KEGG is a human-curated database used across all major fields in the life sciences to predict and understand plant, animal and microbial metabolic pathways that drive the traits and biological impacts that researchers see at the level of the organism, population or community. It is a comprehensive resource that aims to provide a global view of molecular interactions in cells between genes, proteins and small molecules. It contains a myriad of biological information, including genomes, biological pathways, diseases, drugs and chemical substances and is used in large-scale, big data analyses ranging from metagenomics to metabolomics, genomics and transcriptomics, according to Koslicki.
“I was interested in developing a tool to do metagenomic functional profiling, where we extract DNA from a community of microorganisms and then identify what genes are present in the sample to understand what the community is capable of doing,” said Koslicki. “To do this, I needed a reference database with information on all the genes we know about, how they are related to each other, and what they do. KEGG was the natural one to think about because it’s one of the oldest and most stalwart bioinformatics repositories, dating back to 1995, and it has been used for numerous discoveries.”
The database also includes information on gene expression, protein-protein interactions and small molecule-protein interactions, said Kosllicki. It is important for understanding the biosynthesis of toxins and antimicrobial compounds, nutrient cycling and much more.
“However, KEGG is a subscription-based service and it can be difficult to get funding to support access to these types of repositories,” said Koslicki. “It turned out that an institutional subscription didn’t cost much more than an individual subscription, so I reached out to Seth Bordenstein, the director of the Microbiome Center and Dorothy Foehr Huck and J. Lloyd Huck Endowed Chair in Microbiome Sciences, and he was extremely supportive of the idea of providing this resource not only to other members of the Microbiome Center, but to the broader Penn State community, as well. It is fantastic that Seth was immediately on board with this and could see the value it could potentially add by making it available to so many researchers across Penn State with a relatively small investment.”

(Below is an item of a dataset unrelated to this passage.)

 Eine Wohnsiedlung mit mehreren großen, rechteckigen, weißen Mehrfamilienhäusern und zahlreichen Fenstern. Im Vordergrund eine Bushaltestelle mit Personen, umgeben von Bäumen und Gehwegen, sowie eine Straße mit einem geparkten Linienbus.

In addition to its database resources, KEGG also provides a number of computational tools for analyzing and interpreting biological data. These tools include the KEGG Mapper, which allows users to visualize and analyze pathways and networks; the KEGG Orthology (KO) database, which provides information on the evolutionary relationships between proteins; and the KEGG Automatic Annotation Server (KAAS), which annotates newly sequenced genomes.
“The Microbiome Center is a community that goes to the next level as a standard bearer in research, education, and collaboration on our microbial world,” said Bordenstein, who is also professor of biology and of entomology. “With David’s foresight in the computational microbiome sciences and the center’s priority to resource innovation, we are now enabling free access to a pre-eminent, digital database for integrated genomics, chemistry and functional information across life’s biological systems. We are looking forward to the impacts of the large-scale content in KEGG on Penn State’s discoveries, papers and grants.”